The problem — Once the line containing "For more great" is found in the entries below, restate it and each following line word for word, stopping after the line containing "All these statements".
········
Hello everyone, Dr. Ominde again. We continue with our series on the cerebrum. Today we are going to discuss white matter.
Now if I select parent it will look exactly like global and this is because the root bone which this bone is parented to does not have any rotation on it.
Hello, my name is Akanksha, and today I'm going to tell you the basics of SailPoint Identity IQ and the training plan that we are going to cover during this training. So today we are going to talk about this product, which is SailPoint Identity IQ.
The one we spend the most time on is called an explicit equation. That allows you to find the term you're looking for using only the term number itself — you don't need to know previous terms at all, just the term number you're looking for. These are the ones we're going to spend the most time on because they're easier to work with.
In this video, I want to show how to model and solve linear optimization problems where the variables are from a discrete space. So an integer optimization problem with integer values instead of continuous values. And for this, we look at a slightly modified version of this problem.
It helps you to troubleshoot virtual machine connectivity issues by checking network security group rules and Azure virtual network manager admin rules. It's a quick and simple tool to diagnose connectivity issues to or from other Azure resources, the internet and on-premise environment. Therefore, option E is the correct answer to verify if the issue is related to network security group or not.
········
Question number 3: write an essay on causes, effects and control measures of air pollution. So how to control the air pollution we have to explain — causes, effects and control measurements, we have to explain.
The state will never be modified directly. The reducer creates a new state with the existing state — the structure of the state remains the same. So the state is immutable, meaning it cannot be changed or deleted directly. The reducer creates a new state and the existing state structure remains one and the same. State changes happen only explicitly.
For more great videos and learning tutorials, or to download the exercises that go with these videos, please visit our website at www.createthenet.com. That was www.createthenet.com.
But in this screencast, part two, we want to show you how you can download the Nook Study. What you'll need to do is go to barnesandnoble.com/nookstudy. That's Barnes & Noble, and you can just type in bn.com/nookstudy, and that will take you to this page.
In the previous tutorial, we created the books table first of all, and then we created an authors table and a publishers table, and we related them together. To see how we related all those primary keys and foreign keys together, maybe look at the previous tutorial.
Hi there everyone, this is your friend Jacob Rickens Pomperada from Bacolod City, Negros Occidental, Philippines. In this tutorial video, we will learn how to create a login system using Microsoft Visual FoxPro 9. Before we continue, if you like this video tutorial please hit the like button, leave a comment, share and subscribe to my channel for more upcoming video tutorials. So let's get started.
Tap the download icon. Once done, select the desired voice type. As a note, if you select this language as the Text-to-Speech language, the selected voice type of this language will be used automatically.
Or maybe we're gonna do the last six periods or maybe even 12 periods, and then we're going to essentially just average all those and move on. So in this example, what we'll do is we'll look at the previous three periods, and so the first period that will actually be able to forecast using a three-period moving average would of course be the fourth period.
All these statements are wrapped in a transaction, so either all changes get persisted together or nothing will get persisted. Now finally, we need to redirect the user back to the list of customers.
········
Finished task —
For more great videos and learning tutorials, or to download the exercises that go with these videos, please visit our website at www.createthenet.com. That was www.createthenet.com.
But in this screencast, part two, we want to show you how you can download the Nook Study. What you'll need to do is go to barnesandnoble.com/nookstudy. That's Barnes & Noble, and you can just type in bn.com/nookstudy, and that will take you to this page.
In the previous tutorial, we created the books table first of all, and then we created an authors table and a publishers table, and we related them together. To see how we related all those primary keys and foreign keys together, maybe look at the previous tutorial.
Hi there everyone, this is your friend Jacob Rickens Pomperada from Bacolod City, Negros Occidental, Philippines. In this tutorial video, we will learn how to create a login system using Microsoft Visual FoxPro 9. Before we continue, if you like this video tutorial please hit the like button, leave a comment, share and subscribe to my channel for more upcoming video tutorials. So let's get started.
Tap the download icon. Once done, select the desired voice type. As a note, if you select this language as the Text-to-Speech language, the selected voice type of this language will be used automatically.
Or maybe we're gonna do the last six periods or maybe even 12 periods, and then we're going to essentially just average all those and move on. So in this example, what we'll do is we'll look at the previous three periods, and so the first period that will actually be able to forecast using a three-period moving average would of course be the fourth period.
All these statements are wrapped in a transaction, so either all changes get persisted together or nothing will get persisted. Now finally, we need to redirect the user back to the list of customers.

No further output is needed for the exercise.